On the relation of microstructure and low-cycle fatigue properties of 301LN austenitic stainless steel after reversion annealing

0449852 - ÚFM 2016 RIV CZ eng A - Abstrakt
Chlupová, Alice - Man, Jiří - Polák, Jaroslav - Karjalalinen, L.P.
On the relation of microstructure and low-cycle fatigue properties of 301LN austenitic stainless steel after reversion annealing.
Book of Abstracts. 17th International Conference on the Strength of Materials (ICSMA-17).
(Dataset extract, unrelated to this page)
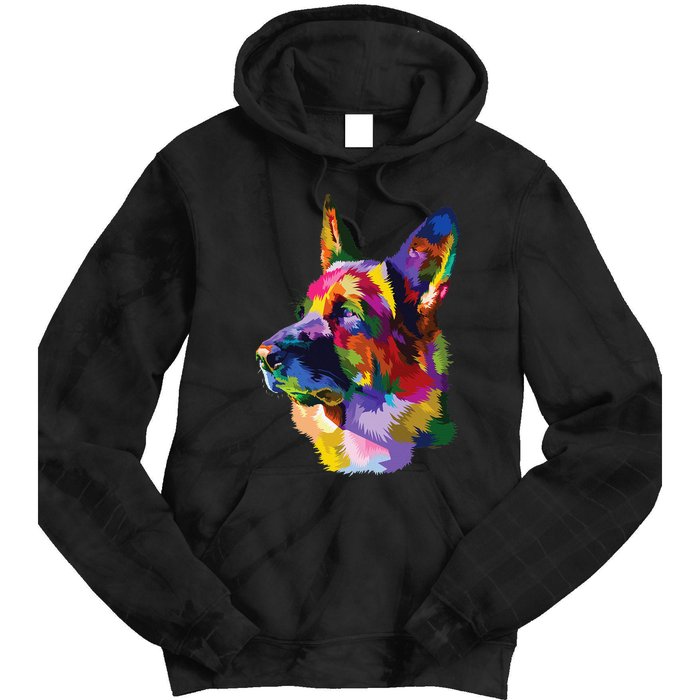 colorful German Shepherd dog pop art gifts for lover dogs Tie Dye Hoodie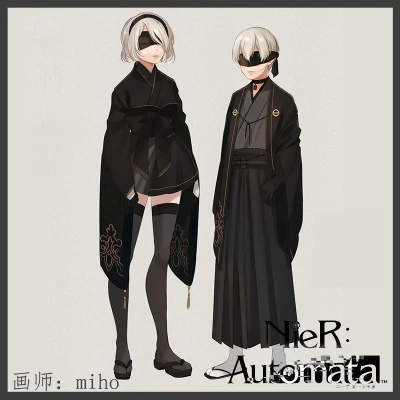 [В наличии] Аниме! Костюм кимоно NieR Automata из игры 2B/9S Fanart унисекс Униформа костюм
Brno: Ústav fyziky materiálů AV ČR, v. v. i., 2015 - (Dlouhý, A.; Kunz, L.). s. 50-50. ISBN 978-80-87434-07-9.
[ICSMA-17 International Conference on the Strength of Materials /17./. 09.08.2015-14.08.2015, Brno]
Grant CEP: GA ČR GA13-32665S
Institucionální podpora: RVO:68081723
Klíčová slova: fatigue * austenitic stainless steel * ultrafinegrained material
Kód oboru RIV: JL - Únava materiálu a lomová mechanika

Grain refinement effect on mechanical response of austenitic stainless steel AISI 301LN to monotonic and mainly low-cycle fatigue loading was investigated. Reversion annealing based on the martensite to austenite phase transformation resulted in coarse grained (CG) and ultrafine grained (UFG) microstructure with grain sizes of 14 µm and 1.4 µm respectively. Fatigue behaviour was characterised by cyclic hardening/softening curves, fatigue life curves and using additional analysis of hysteresis loops for both UFG and CG materials. Fully reversed fatigue loading of thin sheet specimens was performed with the help of anti-buckling fixtures in total strain control regime at room temperature. Two times higher yield stress of UFG material in comparison with CG counterpart resulted in considerably different stress amplitudes at the start of cycling. Nevertheless due to more pronounced cyclic hardening of the CG material the stress amplitudes of both materials before fracture are almost identical. UFG material under total strain control conditions has higher fatigue life. Whereas CG material exhibited typical shape of hysteresis loop, a distinct constriction of the loop was detected in case of UFG material. Evolution of the first derivative of both tensile and compression half-loops showed that the constriction effect is most pronounced at the start of cycling and diminishes with increasing number of cycles. To reveal the destabilization of austenitic structure and to evaluate the extent of deformation induced by martensitic transformation Ferritescope measurements were performed prior and after mechanical tests. Profiles of magnetic phase content (i.e. deformation induced martensite) along the specimen gauge length were obtained. The maximum amount of magnetic phase after tensile test reached similar values for both CG and UFG materials. Cyclic loading with the same strain amplitude resulted in higher fraction of martensite in CG material.
Trvalý link: http://hdl.handle.net/11104/0251271